View source on GitHub

Builds a graph based on dense embeddings and persists it in TSV format.

Used in the notebooks

Used in the tutorials

This function reads input instances from one or more TFRecord files, each containing tf.train.Example protos. Each input example is expected to contain at least the following 2 features:

  • id: A singleton bytes_list feature that identifies each example.
  • embedding: A float_list feature that contains the (dense) embedding of each example.

id and embedding are not necessarily the literal feature names; if your features have different names, you can specify them using the id_feature_name and embedding_feature_name arguments, respectively.

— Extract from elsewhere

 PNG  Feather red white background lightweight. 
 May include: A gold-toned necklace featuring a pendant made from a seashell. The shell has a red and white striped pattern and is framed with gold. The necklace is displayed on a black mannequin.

This function then computes the cosine similarity between all pairs of input examples based on their associated embeddings. An edge is written to the TSV file named by output_graph_path for each pair whose similarity is at least as large as similarity_threshold. Each output edge is represented by a TSV line in the output_graph_path file with the following form:


All edges in the output will be symmetric (i.e., if edge A--w-->B exists in the output, then so will edge B--w-->A).

Note that this function can also be invoked as a binary from a shell. Sample usage:

python -m neural_structured_learning.tools.build_graph [flags] embedding_file.tfr... output_graph.tsv

For details about this program's flags, run:

python -m neural_structured_learning.tools.build_graph --help

embedding_files A list of names of TFRecord files containing tf.train.Example objects, which in turn contain dense embeddings.
output_graph_path Name of the file to which the output graph in TSV format should be written.
similarity_threshold Threshold used to determine which edges to retain in the resulting graph.
id_feature_name The name of the feature in the input tf.train.Example objects representing the ID of examples.
embedding_feature_name The name of the feature in the input tf.train.Example objects representing the embedding of examples.